[[ SOURCE RECORDS open ]]

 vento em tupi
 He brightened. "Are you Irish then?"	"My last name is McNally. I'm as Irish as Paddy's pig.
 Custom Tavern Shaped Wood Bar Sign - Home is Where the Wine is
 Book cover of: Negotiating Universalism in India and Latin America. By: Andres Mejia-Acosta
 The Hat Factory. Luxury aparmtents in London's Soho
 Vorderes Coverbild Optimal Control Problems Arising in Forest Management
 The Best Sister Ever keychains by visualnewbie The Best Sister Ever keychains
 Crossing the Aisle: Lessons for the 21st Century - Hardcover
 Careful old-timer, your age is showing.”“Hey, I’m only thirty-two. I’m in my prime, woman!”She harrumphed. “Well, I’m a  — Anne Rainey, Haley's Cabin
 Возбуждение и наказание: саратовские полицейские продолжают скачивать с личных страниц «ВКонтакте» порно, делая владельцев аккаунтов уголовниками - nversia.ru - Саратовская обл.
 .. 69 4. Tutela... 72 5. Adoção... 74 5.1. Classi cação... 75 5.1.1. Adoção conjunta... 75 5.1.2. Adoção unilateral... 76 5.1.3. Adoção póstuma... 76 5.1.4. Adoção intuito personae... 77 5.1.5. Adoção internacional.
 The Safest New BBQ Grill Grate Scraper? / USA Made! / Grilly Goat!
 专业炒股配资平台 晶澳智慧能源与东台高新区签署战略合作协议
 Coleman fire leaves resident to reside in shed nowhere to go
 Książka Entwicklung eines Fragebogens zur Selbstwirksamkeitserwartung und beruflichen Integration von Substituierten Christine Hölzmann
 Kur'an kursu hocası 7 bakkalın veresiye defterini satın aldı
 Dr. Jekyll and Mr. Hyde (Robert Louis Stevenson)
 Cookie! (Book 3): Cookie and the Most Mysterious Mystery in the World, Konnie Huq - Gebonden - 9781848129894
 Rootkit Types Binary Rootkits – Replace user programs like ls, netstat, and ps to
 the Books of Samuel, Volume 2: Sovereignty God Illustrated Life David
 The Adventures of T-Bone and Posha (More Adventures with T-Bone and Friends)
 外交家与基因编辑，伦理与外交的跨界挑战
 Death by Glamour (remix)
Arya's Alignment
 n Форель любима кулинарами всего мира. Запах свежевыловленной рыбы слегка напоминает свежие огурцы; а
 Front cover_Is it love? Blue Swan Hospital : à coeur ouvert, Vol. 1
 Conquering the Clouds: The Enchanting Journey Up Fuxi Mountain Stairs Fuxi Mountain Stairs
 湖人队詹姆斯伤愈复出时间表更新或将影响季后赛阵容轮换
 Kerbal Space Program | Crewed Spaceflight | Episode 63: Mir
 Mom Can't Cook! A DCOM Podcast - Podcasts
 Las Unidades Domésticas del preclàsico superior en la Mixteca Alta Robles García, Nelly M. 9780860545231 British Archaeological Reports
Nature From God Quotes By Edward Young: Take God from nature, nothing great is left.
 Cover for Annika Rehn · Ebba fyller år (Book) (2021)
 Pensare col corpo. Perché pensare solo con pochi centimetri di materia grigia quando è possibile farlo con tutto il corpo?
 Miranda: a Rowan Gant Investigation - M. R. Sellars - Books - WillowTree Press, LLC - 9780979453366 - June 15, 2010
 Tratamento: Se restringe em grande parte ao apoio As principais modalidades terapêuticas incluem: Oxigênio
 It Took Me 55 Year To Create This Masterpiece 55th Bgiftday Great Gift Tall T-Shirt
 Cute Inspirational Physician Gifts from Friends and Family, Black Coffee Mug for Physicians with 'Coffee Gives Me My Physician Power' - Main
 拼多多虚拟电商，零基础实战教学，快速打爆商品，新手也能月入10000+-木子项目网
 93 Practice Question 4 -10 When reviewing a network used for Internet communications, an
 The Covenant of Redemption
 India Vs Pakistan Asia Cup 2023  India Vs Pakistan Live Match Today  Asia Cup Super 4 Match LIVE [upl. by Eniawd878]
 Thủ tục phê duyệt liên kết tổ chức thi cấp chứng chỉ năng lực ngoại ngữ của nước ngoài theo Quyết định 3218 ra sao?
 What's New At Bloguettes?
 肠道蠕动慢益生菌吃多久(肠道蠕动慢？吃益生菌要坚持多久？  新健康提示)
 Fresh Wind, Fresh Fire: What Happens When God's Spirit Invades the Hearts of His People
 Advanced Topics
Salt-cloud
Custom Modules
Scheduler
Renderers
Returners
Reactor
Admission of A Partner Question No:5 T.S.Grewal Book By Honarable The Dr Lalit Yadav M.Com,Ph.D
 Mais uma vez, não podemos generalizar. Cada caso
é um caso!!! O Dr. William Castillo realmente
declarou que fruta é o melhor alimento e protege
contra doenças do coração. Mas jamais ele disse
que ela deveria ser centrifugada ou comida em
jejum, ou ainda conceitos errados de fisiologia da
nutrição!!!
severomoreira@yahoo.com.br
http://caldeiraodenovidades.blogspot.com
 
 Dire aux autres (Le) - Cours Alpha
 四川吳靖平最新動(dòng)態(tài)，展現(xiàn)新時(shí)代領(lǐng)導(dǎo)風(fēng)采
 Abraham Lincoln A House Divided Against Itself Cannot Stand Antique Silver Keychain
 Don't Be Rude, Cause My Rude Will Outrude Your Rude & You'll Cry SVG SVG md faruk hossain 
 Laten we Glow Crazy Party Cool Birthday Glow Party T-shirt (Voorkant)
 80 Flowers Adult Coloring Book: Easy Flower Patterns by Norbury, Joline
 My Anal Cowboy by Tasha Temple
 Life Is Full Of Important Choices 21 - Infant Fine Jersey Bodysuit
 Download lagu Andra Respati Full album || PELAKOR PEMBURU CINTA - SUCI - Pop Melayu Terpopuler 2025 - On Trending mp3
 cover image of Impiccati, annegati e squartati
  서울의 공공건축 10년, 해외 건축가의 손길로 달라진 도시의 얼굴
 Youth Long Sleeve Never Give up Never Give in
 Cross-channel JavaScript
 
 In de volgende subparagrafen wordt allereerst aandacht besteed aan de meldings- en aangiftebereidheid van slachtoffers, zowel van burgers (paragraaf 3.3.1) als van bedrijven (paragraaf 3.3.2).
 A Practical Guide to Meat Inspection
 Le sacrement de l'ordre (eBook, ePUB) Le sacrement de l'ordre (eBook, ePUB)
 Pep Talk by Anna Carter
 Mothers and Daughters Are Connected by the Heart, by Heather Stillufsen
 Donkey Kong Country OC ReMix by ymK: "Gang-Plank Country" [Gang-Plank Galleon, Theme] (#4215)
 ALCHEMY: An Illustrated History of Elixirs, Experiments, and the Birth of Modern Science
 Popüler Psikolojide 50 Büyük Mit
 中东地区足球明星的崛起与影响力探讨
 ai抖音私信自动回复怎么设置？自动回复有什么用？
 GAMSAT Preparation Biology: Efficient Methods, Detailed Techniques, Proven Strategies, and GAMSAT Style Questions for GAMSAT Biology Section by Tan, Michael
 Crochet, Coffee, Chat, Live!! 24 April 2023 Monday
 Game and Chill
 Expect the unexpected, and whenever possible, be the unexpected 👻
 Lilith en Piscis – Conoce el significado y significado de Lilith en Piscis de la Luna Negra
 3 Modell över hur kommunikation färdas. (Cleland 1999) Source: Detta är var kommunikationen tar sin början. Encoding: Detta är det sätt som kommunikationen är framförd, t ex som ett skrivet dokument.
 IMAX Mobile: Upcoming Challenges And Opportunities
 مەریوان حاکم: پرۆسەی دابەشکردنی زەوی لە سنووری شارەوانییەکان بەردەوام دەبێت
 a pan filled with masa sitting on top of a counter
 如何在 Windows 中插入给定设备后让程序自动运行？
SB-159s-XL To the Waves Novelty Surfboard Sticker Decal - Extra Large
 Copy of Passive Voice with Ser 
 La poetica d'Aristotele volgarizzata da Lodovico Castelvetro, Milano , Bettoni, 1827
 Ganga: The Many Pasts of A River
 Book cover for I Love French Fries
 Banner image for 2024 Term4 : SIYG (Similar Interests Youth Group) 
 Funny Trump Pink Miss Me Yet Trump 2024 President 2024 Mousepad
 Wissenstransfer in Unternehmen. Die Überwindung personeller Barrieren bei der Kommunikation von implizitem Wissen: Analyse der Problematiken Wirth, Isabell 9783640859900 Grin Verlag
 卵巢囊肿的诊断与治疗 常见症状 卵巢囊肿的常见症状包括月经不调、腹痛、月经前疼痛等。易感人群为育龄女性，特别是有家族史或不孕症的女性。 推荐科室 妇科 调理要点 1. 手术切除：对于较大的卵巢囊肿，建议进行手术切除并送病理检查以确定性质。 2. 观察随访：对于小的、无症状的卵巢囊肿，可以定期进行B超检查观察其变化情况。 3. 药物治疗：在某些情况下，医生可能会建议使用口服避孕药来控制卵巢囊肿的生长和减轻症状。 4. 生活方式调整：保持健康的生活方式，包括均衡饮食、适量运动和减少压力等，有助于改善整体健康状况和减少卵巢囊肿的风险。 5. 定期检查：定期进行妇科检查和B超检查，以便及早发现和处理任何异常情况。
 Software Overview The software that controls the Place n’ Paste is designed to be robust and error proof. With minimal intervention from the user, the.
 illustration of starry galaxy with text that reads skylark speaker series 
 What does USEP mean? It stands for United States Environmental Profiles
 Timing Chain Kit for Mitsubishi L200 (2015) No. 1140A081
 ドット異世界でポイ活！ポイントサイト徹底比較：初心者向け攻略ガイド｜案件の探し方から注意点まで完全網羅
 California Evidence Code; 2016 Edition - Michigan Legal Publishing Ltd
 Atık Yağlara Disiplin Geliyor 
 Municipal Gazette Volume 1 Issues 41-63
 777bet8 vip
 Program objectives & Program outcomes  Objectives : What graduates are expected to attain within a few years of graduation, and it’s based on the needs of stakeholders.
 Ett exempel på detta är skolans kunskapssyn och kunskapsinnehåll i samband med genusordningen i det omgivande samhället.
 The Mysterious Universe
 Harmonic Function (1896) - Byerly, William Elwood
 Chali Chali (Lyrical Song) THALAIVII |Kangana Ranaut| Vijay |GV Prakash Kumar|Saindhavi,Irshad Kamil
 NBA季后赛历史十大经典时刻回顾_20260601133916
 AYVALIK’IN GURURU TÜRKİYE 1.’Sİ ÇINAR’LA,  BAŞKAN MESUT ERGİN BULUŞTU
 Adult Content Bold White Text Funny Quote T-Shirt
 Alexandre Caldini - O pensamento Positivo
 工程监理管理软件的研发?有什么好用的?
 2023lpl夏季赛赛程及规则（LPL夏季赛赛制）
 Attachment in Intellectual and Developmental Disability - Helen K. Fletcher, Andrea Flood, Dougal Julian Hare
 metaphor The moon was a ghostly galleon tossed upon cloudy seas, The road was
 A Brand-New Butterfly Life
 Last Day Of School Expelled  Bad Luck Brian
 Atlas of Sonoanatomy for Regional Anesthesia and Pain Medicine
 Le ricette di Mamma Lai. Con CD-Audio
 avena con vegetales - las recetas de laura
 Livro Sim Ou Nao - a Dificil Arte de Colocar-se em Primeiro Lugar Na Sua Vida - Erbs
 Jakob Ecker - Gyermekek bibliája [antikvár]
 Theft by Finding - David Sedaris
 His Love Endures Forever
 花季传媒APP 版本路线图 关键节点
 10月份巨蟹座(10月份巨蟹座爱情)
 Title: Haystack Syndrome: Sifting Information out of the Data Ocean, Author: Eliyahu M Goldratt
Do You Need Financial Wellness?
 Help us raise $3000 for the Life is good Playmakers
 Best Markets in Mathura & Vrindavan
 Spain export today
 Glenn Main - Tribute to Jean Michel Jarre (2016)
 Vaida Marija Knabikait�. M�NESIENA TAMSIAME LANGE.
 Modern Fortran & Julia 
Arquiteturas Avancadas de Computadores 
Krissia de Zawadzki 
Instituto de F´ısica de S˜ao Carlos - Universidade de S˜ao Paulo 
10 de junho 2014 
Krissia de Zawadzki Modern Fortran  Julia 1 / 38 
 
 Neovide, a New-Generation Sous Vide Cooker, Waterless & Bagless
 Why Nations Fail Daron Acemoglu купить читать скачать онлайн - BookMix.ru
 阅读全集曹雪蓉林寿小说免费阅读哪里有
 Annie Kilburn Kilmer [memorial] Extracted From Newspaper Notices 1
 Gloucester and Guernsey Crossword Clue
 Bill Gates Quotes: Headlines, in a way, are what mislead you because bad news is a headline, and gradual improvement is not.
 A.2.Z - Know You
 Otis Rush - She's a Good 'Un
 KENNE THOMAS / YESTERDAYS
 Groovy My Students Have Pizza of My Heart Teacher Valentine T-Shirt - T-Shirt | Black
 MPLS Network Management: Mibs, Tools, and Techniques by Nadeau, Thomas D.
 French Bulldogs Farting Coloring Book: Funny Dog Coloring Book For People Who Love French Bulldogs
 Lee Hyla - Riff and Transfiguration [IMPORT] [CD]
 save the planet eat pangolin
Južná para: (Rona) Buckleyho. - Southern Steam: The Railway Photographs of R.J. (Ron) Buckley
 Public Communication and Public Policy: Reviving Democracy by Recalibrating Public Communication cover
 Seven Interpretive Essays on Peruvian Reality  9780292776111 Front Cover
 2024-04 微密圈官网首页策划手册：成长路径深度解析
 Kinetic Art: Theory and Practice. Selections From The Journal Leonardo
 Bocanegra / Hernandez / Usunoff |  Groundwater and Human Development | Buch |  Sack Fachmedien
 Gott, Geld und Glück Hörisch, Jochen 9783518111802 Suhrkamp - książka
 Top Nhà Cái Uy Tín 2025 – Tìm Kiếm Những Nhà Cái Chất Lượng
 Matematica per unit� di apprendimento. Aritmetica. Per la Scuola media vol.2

[[ SOURCE RECORDS closed ]]

> **INSTRUCTIONS TO FOLLOW**: Look at each line above and note whether it holds the word "Illustrated". Report how many do, as the number only.

> **YOUR SOLUTION**: 2